Despite my pesky, uninvited roommates, my apartment has pleasantly surprised me. It has most of the modern amenities I’m used to including air conditioning, a real toilet, and WiFi that functions whenever the mood befalls it. I’m willing to overlook the fact that my “shower” is a haphazardly hung faucet without walls (that inevitably soaks everything I’ve ever owned when I rinse off) because I actually have warm water - an absolute blessing for this anemic weenie. Even my stone-solid mattress has become tolerable, I’m not sure I’ll ever wake up not feeling as though I was hit by a small bus in the middle of the night. We decidedly will not part as friends, but for a prodigious night-thrasher I have adapted better than expected. My apartment feels very safe with two keys required for entry and a security guard posted out front at all night hours. The guard is lovely and a great resource for practicing my Thai.
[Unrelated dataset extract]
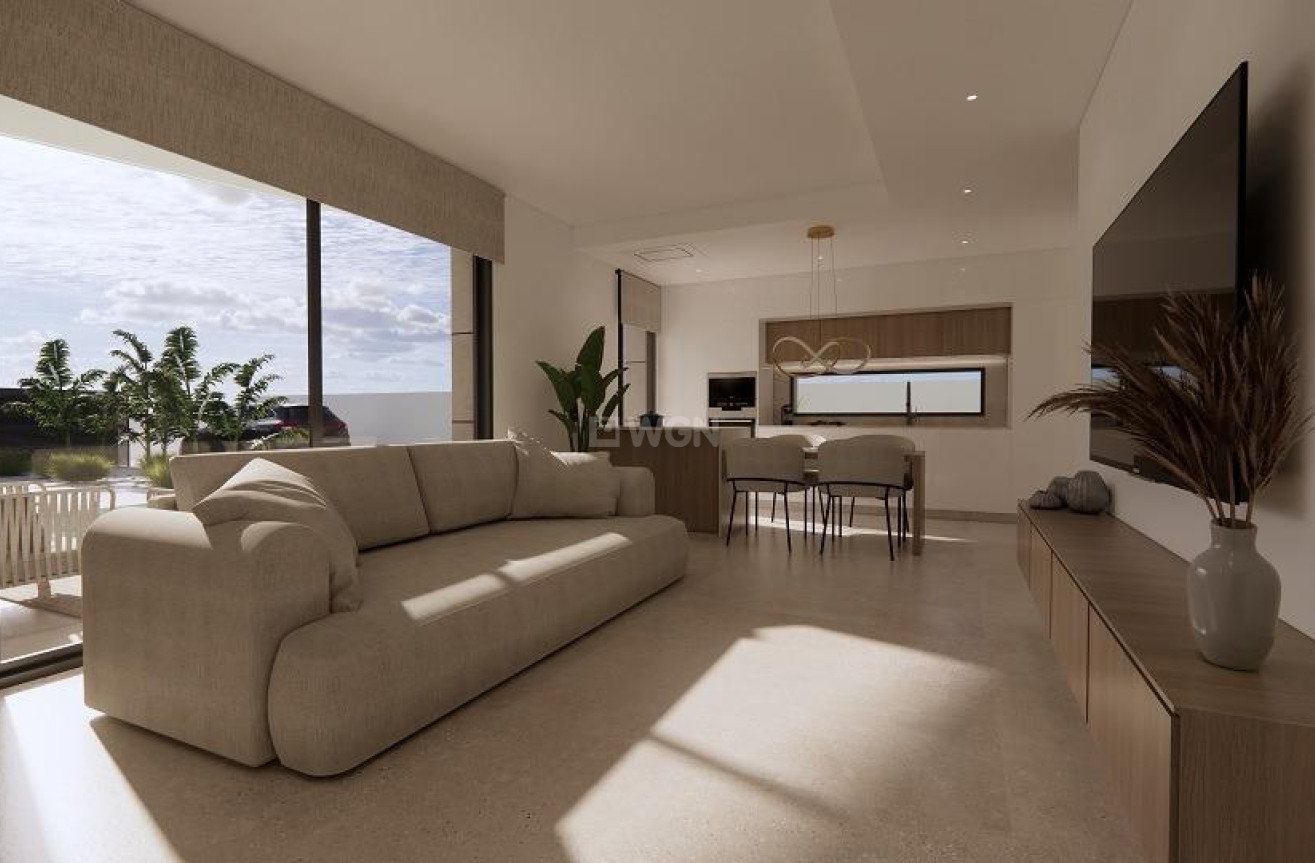 Nowy budynek - Villa - Torrevieja - San Luis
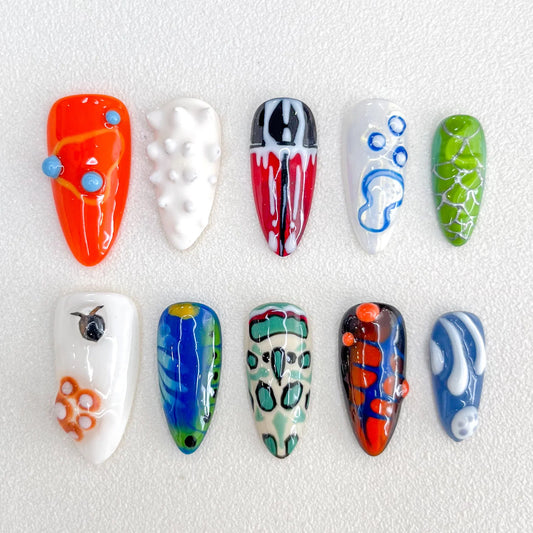 Abstract Pop - LRIS NAILS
I ask his name, he asks mine. He asks where I’m from, I tell him. He says other words, I smile blankly. We have this interaction anywhere from three to five times a week; I can’t help but be impressed that we are already reaching such existential topics this early in our blossoming friendship.
Predictably, my apartment complex is not the only place I have run into this barrier to communication. Ordering food is either a terrifying brush with the unknown or an exciting opportunity for discovery depending on what kind of person you are. Though there are some restaurants, street food stalls are more common and economical. The stalls don’t have menus, or more alarmingly, pictures, so we have had to get creative with the ways in which we ask for food. At first, our chosen method was to walk up, look into the stall owner’s eyes, and confidently say “one” in Thai. This was usually met with a confused look or an indiscernible follow-up question. This would prompt me to re-plant my feet, puff up my chest, and firmly insist once more, “one”. At this point the stall owner would usually take it upon himself or herself to give me the whitest thing they offered. Then, I would usually turn to Emily and say, “This is going well don’t you think! Should I ask what their name is?” The answer is no, it is not going well, and yes, I will try to ask their name anyway. The effectiveness rate of this probing question, and I’m rounding up here, is about zero percent. According to simple adapt or die philosophies, we have since improved our food ordering mechanisms. We now know how to ask, “Do you have chicken?” (or pork, or beef, etc.) and though this has improved our confidence interval, we still don’t know how to specify further. Thus, I can order chicken but it’s still an unnerving game of poultry roulette. The stakes are high: if I win, I could get delicious chicken breast or leg, but if I lose I could get feet, liver, neck, or a multitude of other mystery parts. The next phase in our evolution was to learn how to ask for food that is only a little spicy. This was an overt waste of my time. Even food that is only “a little” spicy is hot enough to make me salivate fire for several hours. I try and pull back my lips when I eat, effectively looking like the Grinch, to avoid a searing lip burn. If I’m over-zealous with my use of lip, the aftermath looks like I’m wearing red lipstick, or was stung on the lips by a bee. Or a swarm of bees. Actually, make them bloodthirsty wasps, attacking repeatedly. Yeah my palette is only a little Irish, why do you ask?
Thanks for your patience with my rapid succession posting as I try to make up for lost time. Happy hump-day from my home to yours!